Cloud computing has become the main paradigm for computing, storage and many other applications. The design of appropriate scheduling and pricing schemes for computing resource is therefore of great importance for cloud providers to increase the quality of service or maximize their revenue.
Due to the ubiquity of batch data processing in cloud computing, we consider a fundamental model in which a set of batch tasks is to be scheduled on multiple identical machines and each task is specified by a value, a workload, a deadline and a parallelism bound. Within the parallelism bound, the number of machines allocated to a task can vary over time without affecting its workload. For this model, we obtain two core results: a quantitative characterization of a sufficient and necessary condition such that a set of malleable batch tasks with deadlines can be scheduled on the multiple machines, and a polynomial-time algorithm to produce such a feasible schedule. These core results provide a conceptual tool and an optimal scheduling algorithm that enable proposing new analyses and designs of algorithms and improving existing algorithms for extensive scheduling objectives.

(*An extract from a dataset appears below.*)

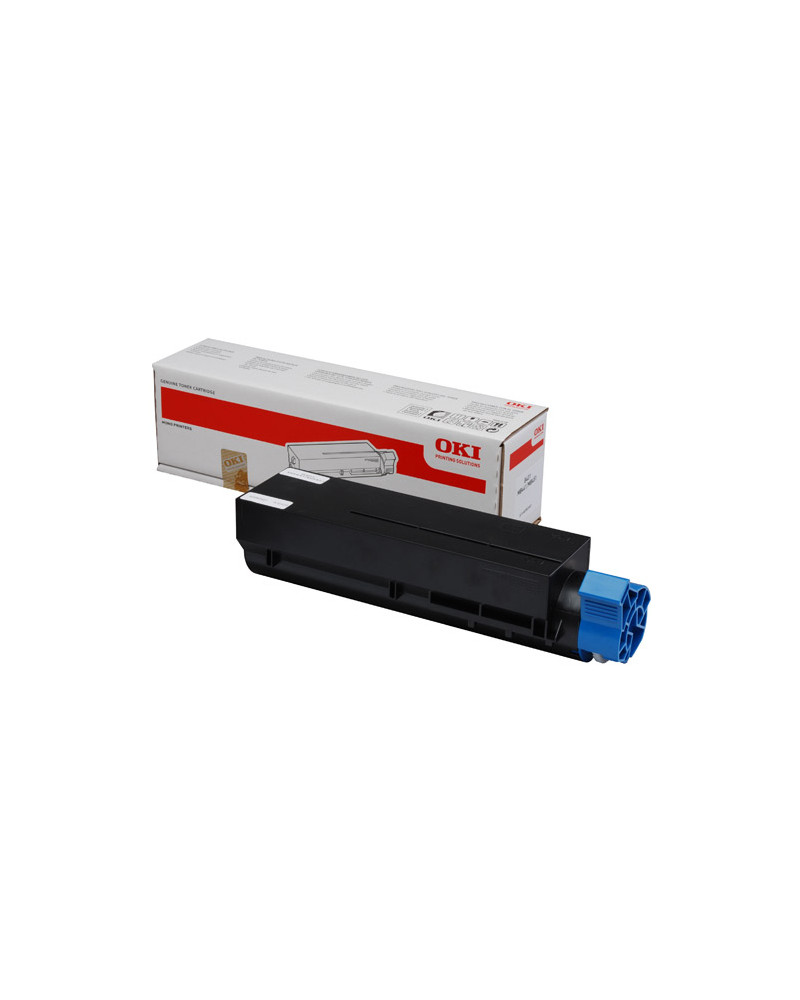 OKI B401/MB441/451 TONER BLACK 1.5K (44992401) (OKI-B401)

We also provide new results for monotonic moldable tasks, for which the total workload increases when parallelizing a job.
On the other hand, given the main pricing models such as the one in Amazon EC2, we propose an extended online learning framework for tenants to decide on which type of instance to purchase and utilize between on-demand, spot, and long-term instances (e.g., reserved instances or instances that an organization itself possesses), in order to minimize their cost.